# Exercise
Reproduce the material that follows, please, but only from its first line to the line containing "Bam Bam [Acoustic]", inclusive.

# Data
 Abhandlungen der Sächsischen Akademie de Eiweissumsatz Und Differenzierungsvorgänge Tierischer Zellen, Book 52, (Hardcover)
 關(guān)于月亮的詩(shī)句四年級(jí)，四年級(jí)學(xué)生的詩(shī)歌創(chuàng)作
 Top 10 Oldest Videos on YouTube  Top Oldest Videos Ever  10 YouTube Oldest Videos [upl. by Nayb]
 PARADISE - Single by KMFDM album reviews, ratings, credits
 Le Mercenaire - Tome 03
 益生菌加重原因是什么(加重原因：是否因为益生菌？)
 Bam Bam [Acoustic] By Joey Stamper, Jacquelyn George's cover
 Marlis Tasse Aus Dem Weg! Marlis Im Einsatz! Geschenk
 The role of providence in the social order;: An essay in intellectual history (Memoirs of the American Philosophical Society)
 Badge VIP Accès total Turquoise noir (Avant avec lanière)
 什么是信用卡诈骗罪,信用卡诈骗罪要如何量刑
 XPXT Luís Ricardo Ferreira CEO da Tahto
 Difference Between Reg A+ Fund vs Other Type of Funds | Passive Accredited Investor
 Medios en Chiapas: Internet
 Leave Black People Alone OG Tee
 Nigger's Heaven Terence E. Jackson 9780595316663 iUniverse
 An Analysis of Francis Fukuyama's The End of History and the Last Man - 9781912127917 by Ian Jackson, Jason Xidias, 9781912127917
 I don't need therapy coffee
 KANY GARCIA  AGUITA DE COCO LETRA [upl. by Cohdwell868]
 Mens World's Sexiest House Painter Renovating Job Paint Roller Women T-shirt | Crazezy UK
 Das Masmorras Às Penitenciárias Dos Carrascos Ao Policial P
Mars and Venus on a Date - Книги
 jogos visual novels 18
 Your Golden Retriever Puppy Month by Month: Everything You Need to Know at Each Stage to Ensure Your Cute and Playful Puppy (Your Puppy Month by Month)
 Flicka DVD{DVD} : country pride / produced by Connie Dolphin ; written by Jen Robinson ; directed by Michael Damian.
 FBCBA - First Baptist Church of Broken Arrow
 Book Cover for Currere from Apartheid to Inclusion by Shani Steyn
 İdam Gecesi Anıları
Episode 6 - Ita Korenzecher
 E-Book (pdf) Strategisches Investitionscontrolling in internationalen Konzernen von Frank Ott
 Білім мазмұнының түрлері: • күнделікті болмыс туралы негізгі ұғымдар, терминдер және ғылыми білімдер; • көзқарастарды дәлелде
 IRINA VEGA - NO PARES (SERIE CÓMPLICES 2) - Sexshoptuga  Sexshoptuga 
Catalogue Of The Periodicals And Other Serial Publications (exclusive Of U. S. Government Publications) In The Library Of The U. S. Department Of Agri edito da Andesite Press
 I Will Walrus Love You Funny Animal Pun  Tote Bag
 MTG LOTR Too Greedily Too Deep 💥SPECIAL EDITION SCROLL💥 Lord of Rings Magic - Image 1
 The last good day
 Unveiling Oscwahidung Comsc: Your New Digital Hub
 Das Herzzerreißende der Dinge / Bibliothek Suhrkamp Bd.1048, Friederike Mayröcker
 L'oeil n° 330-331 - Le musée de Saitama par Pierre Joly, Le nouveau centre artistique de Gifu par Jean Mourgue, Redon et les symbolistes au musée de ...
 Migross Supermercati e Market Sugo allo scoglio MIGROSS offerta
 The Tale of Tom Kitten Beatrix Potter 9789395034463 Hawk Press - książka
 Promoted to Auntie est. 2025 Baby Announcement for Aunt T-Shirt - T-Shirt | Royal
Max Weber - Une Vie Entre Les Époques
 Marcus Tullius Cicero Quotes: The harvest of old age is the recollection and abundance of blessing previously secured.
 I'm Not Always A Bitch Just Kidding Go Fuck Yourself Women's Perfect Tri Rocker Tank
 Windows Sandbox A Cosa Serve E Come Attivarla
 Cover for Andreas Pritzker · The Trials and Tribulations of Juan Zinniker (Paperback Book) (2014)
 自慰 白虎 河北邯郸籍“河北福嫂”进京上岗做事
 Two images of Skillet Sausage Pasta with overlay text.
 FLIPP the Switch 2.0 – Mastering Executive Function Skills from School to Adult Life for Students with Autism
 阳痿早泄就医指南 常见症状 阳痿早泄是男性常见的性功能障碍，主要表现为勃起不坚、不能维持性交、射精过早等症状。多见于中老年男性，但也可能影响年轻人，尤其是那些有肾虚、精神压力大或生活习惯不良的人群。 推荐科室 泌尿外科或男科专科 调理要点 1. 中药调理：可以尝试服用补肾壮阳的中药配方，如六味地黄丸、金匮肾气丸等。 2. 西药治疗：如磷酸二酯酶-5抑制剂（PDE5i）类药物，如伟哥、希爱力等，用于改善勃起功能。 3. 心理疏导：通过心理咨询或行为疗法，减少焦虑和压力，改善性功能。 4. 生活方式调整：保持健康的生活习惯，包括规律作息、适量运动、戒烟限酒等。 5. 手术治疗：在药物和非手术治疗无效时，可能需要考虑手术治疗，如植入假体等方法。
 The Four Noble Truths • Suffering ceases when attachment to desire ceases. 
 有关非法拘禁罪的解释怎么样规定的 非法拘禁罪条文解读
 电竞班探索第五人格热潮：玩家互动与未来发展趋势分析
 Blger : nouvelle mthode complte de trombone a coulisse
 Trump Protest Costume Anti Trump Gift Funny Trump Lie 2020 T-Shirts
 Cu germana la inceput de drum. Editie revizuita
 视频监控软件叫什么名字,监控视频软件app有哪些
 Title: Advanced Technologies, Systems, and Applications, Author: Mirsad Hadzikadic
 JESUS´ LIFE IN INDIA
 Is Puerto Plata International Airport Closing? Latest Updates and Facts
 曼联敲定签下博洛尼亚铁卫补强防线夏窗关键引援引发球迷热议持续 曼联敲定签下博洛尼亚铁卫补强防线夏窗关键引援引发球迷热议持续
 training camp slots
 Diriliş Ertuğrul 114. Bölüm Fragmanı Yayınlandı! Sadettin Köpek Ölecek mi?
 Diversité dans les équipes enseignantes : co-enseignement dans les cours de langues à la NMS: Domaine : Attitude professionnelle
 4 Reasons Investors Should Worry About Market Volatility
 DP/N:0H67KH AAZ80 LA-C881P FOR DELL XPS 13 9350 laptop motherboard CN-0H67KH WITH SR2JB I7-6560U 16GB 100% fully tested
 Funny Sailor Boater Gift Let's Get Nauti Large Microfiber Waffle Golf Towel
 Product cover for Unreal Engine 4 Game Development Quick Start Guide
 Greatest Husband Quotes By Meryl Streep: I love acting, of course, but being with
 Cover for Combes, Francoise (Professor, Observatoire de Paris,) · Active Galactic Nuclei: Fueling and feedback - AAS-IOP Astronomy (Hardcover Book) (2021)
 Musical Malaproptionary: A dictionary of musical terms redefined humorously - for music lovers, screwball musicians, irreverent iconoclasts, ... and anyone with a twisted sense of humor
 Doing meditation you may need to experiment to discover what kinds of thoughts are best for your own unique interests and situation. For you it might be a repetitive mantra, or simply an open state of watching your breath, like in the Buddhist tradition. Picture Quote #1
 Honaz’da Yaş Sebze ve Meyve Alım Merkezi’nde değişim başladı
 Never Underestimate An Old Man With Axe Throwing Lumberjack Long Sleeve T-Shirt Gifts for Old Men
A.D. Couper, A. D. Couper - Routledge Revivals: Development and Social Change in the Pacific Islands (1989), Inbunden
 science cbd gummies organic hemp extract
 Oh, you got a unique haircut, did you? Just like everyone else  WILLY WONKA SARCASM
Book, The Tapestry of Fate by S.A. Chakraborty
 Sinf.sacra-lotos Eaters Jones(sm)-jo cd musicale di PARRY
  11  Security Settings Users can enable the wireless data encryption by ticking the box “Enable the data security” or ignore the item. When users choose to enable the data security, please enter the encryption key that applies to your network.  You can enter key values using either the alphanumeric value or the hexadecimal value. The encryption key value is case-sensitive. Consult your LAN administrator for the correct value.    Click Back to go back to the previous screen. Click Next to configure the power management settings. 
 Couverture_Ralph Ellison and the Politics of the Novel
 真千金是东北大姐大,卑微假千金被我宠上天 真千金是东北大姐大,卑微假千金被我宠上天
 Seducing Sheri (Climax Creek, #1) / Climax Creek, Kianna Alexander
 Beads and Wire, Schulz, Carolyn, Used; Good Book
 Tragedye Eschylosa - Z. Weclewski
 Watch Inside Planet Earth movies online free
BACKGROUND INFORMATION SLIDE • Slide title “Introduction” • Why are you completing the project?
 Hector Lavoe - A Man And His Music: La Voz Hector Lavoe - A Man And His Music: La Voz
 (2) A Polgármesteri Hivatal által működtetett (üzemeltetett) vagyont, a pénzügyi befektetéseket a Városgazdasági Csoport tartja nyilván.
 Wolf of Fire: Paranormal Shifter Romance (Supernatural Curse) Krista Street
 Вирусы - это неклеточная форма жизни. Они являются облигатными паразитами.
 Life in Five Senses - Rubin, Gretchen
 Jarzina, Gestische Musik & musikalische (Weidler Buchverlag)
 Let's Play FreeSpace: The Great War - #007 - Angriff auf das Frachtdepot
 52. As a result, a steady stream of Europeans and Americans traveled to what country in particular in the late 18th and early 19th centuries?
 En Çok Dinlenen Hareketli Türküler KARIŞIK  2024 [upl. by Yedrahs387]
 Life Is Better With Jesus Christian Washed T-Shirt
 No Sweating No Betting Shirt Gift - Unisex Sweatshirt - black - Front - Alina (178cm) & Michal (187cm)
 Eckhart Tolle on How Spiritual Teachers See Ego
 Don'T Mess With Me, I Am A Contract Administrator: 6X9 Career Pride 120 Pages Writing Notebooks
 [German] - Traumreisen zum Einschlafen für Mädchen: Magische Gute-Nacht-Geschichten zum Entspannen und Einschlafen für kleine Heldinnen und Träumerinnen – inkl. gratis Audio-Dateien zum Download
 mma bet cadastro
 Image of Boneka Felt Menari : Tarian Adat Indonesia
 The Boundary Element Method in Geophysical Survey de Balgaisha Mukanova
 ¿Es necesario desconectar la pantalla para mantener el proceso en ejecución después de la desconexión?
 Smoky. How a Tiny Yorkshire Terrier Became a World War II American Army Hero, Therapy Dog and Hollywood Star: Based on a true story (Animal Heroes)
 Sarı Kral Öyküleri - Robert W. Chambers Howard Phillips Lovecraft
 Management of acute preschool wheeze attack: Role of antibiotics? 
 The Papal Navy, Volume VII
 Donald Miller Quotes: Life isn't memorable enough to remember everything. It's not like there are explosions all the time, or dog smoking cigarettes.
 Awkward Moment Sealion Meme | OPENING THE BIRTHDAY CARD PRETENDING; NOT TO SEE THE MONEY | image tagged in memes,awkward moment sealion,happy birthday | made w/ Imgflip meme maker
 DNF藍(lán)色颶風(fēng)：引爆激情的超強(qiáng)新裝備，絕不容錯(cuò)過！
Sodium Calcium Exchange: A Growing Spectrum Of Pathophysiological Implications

# Task response
 Abhandlungen der Sächsischen Akademie de Eiweissumsatz Und Differenzierungsvorgänge Tierischer Zellen, Book 52, (Hardcover)
 關(guān)于月亮的詩(shī)句四年級(jí)，四年級(jí)學(xué)生的詩(shī)歌創(chuàng)作
 Top 10 Oldest Videos on YouTube  Top Oldest Videos Ever  10 YouTube Oldest Videos [upl. by Nayb]
 PARADISE - Single by KMFDM album reviews, ratings, credits
 Le Mercenaire - Tome 03
 益生菌加重原因是什么(加重原因：是否因为益生菌？)
 Bam Bam [Acoustic] By Joey Stamper, Jacquelyn George's cover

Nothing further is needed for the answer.